Activity:
Copy out exactly the lines spanning the line with "Top Tatiana Preto" to the line with "aftonbladet_tv-20131022_000_00_00_014.pdf", inclusive, from the data underneath, with no pictures.

Excerpted records:

|---|

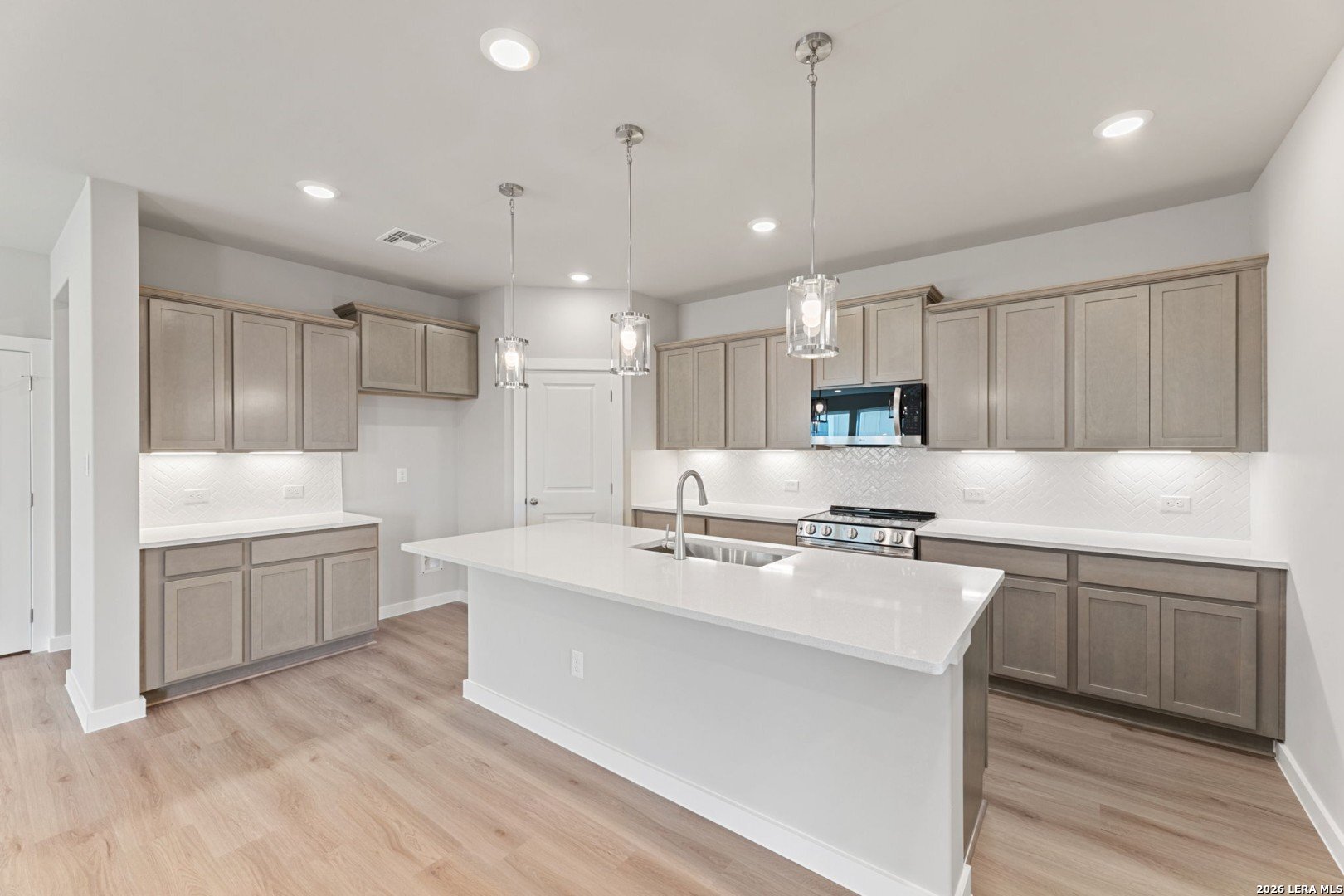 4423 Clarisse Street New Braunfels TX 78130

|---|

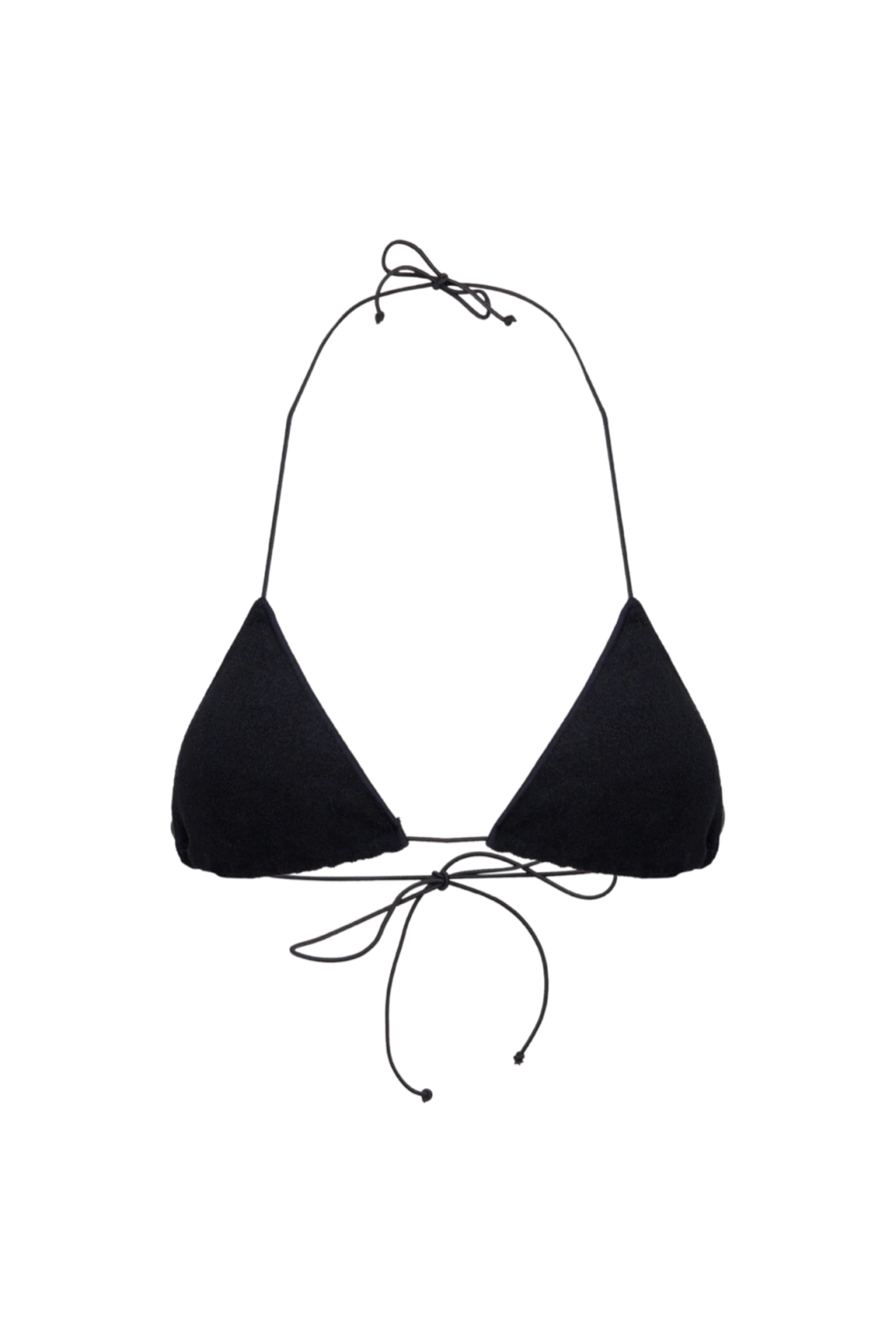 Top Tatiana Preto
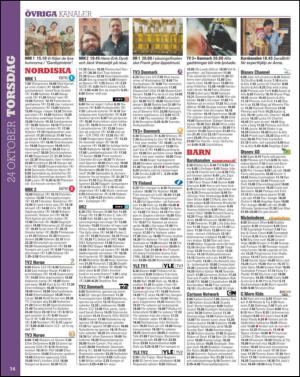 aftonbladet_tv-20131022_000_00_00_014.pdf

|---|

Reply to the task:
 Top Tatiana Preto
 aftonbladet_tv-20131022_000_00_00_014.pdf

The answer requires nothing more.